Started up at 46Vdc and boem, the voltage regulator bust in smoke. Then tried the transfo separately but the primary fuse (1A-f) kept blowing, put in a 5A-f but then all house lighting down . I suspected an earth fault, removed the transfo and tried again with just AC and no rectifier and all ok. Checked the rectifier (50A beast) and AC to "minus" diode bust.
Did find a wiring error though ; too embarassed to say where.

Waiting for a new rectifier to arrive, but Friday we leave on holiday so the works will be for after the 28th.
Erik

 

[spec]

Hi earckens,

Which previous schematic do you refer to spec?

The previous circuit (and best) is shown by the .png file attached to your post #135 as opposed to the later circuit of post #163.

I could use your straight Zener regulator but I need a bit more current for a MCU and LCD; I toyed with your idea of keeping it simple but I decided to go for the Darlington regulator because it still is a straightforward circuit and I would need it anyway.

The two VBEs of a Darlington will seriously degrade the regulation of the 18V Zener diode.

Not only that, but the extra current will be flowing through the current sense resistor and will mess up the current sense accuracy. Also, the processor and LCD, being digital, will introduce a whole load of hash into the precision voltage control and current control sensing.

There are three axiom in engineering:
make it modular
keep it simple
never compromise the core function

So it would be much wiser to keep the core voltage regulation functions isolated and separate from the processor and LCD.

Started up at 46Vdc and boom, the voltage regulator bust in smoke. Then tried the transfo separately but the primary fuse (1A-f) kept blowing, put in a 5A-f but then all house lighting down . I suspected an earth fault, removed the transfo and tried again with just AC and no rectifier and all ok. Checked the rectifier (50A beast) and AC to "minus" diode bust.
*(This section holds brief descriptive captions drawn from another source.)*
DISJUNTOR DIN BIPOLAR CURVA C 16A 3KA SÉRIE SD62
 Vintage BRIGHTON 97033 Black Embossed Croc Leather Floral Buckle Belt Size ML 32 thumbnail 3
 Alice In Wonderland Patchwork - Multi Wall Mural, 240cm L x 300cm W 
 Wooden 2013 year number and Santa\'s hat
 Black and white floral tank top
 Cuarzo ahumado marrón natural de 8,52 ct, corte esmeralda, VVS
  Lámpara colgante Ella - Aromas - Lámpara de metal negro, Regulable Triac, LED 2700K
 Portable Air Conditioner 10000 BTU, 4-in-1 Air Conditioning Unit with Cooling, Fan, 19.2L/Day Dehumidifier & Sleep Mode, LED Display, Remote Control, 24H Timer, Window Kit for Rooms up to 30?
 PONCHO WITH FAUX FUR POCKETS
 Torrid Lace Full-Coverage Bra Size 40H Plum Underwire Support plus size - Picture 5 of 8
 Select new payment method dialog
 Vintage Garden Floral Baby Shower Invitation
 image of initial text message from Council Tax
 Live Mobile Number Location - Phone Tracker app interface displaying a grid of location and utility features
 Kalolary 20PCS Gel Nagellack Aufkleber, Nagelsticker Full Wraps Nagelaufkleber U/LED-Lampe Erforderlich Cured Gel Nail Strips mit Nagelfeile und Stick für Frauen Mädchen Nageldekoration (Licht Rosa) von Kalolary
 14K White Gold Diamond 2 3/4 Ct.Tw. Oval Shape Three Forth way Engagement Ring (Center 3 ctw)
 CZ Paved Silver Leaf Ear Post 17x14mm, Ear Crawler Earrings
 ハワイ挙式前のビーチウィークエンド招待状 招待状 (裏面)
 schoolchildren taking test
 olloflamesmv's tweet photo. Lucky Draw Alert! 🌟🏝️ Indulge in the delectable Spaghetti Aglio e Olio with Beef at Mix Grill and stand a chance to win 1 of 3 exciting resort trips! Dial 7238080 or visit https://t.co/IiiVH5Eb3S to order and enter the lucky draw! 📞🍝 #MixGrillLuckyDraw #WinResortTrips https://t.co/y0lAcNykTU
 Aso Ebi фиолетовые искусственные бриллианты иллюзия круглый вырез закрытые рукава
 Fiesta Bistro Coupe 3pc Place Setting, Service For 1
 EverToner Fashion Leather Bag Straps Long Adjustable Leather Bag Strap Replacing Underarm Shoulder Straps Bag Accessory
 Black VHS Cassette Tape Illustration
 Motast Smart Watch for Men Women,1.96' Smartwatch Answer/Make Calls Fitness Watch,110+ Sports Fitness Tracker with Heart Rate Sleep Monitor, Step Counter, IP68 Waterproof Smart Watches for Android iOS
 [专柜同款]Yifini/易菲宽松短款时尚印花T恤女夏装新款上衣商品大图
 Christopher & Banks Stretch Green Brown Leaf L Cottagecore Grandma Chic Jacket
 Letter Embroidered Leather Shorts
Did find a wiring error though ; too embarrassed to say where.

That is a good omen because it means that god is in a playful mood and just generating obvious faults, rather than more arcane problems.

By the way, we have all done similar things- you are not a true power supply man if you haven't had a few explosions/fires.

It would be too embarrassing to say what I have done in the past.

Another holiday- seems like you have a good life in Belgium.

spec

 

[earckens]

The previous circuit (and best) is shown by the .png file attached to your post #135 as opposed to the later circuit of post #135.

spec, could you send me a copy of that one, i am afraid not to have it anymore?

The two VBEs of a Darlington will seriously degrade the regulation of the 18V Zener diode.

..... spec, can you please explain?

..I could also use a straight TIP41C..? ..or this (http://www.skillbank.co.uk/psu/vr2.htm)

Edit: example Vz1=7.5V, R1=2.2k, R2=56k, R3=47k, Vin=46V, Vout=about 18V, TR1=TIP41C

Not only that, but the extra current will be flowing through the current sense resistor and will mess up the current sense accuracy. Also, the processor and LCD, being digital, will introduce a whole load of hash into the precision voltage control and current control sensing.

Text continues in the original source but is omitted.